WHAT IS EXPECTED
From the line that contains "A picture of White rice and stew." down to the final line below, please repeat each line exactly and nothing more, with no pictures.

MATERIAL PROVIDED
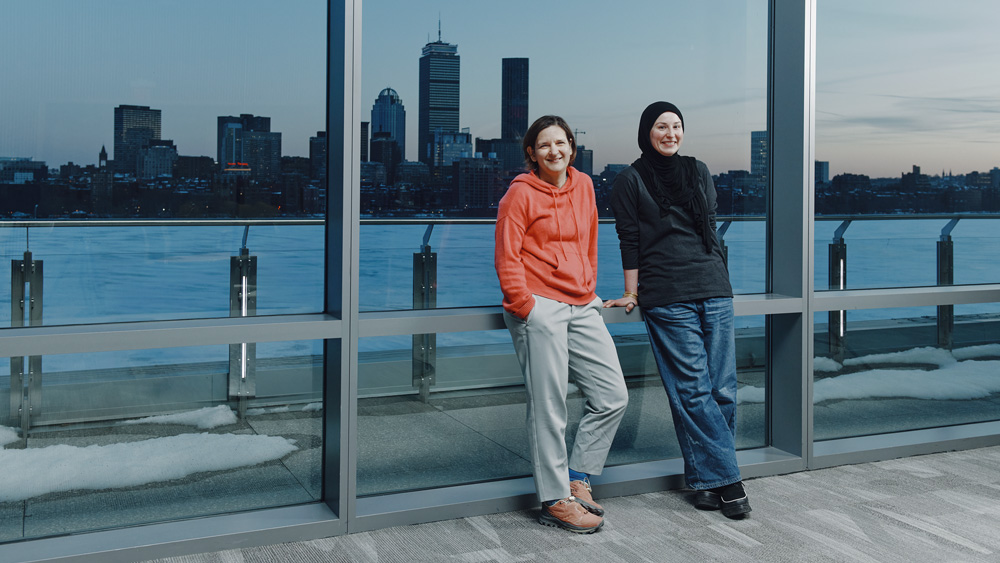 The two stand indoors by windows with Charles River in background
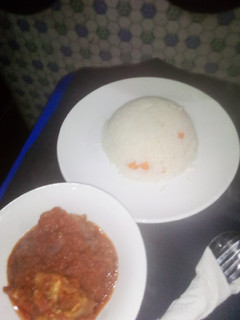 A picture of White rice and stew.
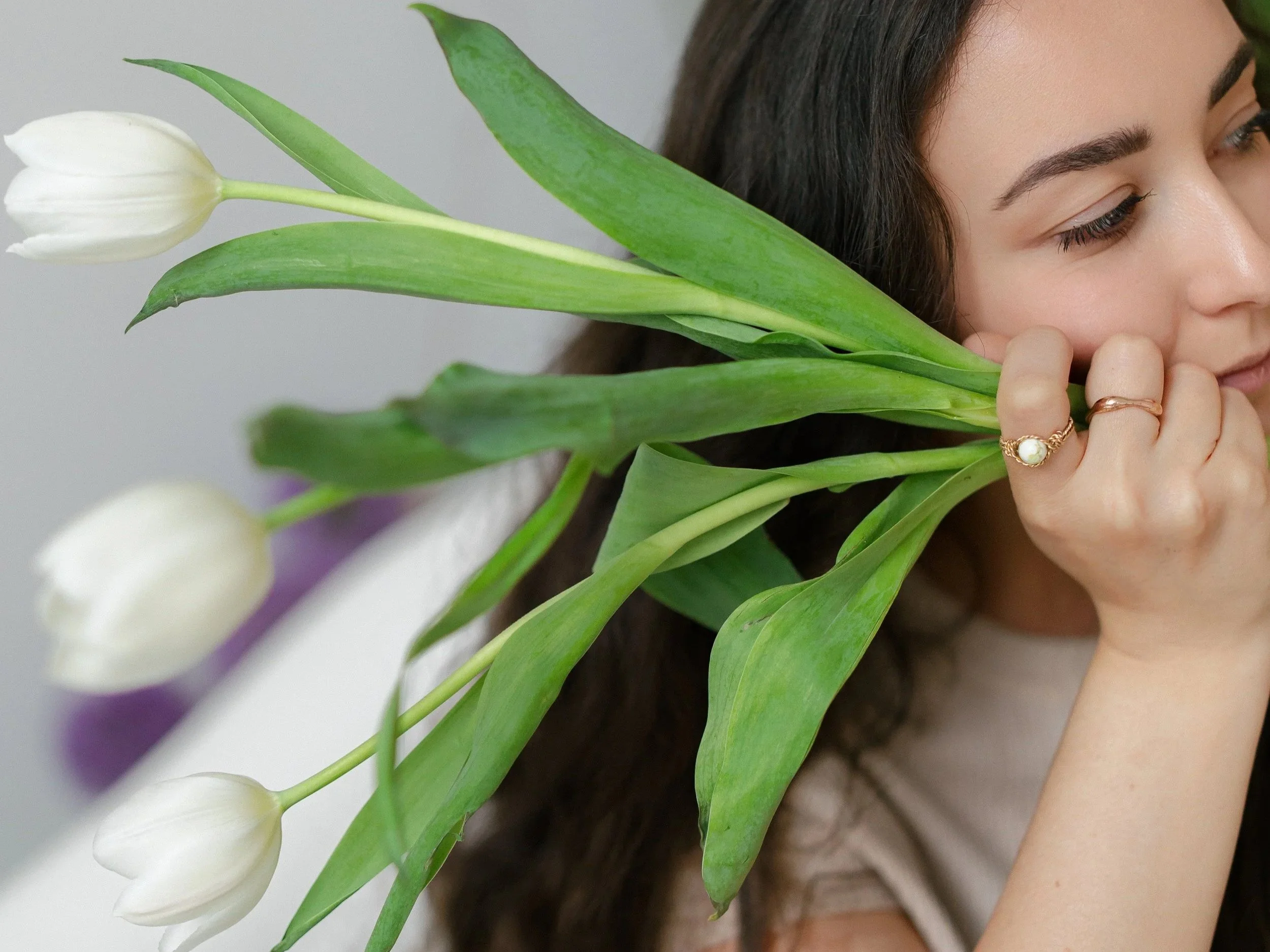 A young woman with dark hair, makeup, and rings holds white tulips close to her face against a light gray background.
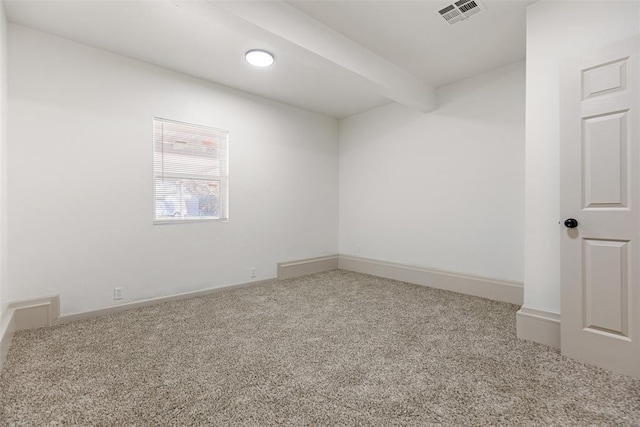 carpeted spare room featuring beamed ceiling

YOUR SOLUTION
 A picture of White rice and stew.
 A young woman with dark hair, makeup, and rings holds white tulips close to her face against a light gray background.
 carpeted spare room featuring beamed ceiling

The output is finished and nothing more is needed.